Once at least one guide RNA (gRNA) sequence has been determined, it is necessary to prepare a ribonucleoprotein (RNP) complex including the gRNA sequence and the nuclease.

Preparing the ribonucleoprotein (RNP) complex can be accomplished by any method known in the art, whether now known or developed later.

In the example process, once the gRNA sequence has been determined, the RNP complex including the gRNA sequence and the nuclease is prepared. In the example process, the Cas9 nuclease is being used. The Cas9 protein can be obtained by known techniques and further is widely available for commercial purchase. The Cas9 protein anneals with the gRNA sequence to form the RNP complex. The RNP complex can then be prepared by annealing the Cas9 protein and gRNA sequence together by incubating the mixture first in the fridge then in a warm water bath. 3.8. Administering RNP Complex

Reference will now be made to the step/function of administering the RNP complex to the organism.

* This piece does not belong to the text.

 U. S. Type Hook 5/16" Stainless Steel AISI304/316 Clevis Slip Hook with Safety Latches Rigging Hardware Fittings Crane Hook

Once the RNP complex has been prepared, it can be administered to the organism.

Administration of the RNP complex to the organism can be accomplished by known uses of bacteriophages or any other method known in the art, whether now known or developed later.

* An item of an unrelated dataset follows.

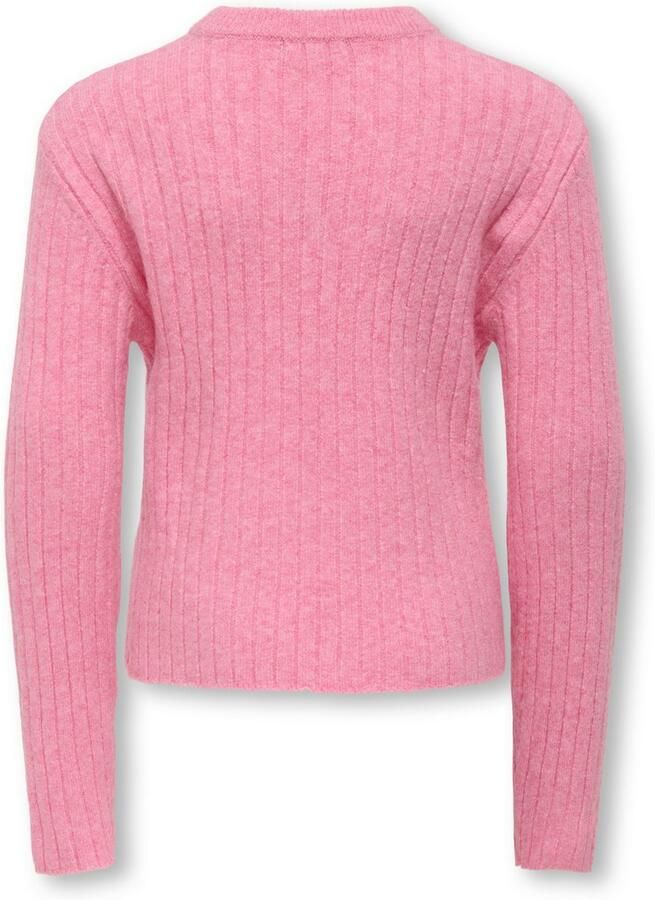 KIDS ONLY Gebreide trui KOGJEANETT LIFE LS RIB O-NECK CP KNT - Foto 2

In the example process, the RNP complex containing the gRNA and the Cas9 nuclease is injected into the organism that is infected by the Escherichia coli. For testing and application in humans, the example process would be altered. Such alterations are known and can be applied by those skilled in the art.

4. Broad Scope

Accordingly, while the present invention may be described in terms of specific embodiments, the present invention is not limited to these disclosed embodiments. Upon reading this disclosure, many modifications and other embodiments of the present invention will come to mind of those skilled in the art to which this invention pertains, and those are intended to be and are covered by this disclosure and the appended claims. The scope of the present invention should be determined by proper interpretation and construction of the appended claims and their legal equivalents, as understood by those of skill in the art relying upon the disclosure in this specification and the attached drawings.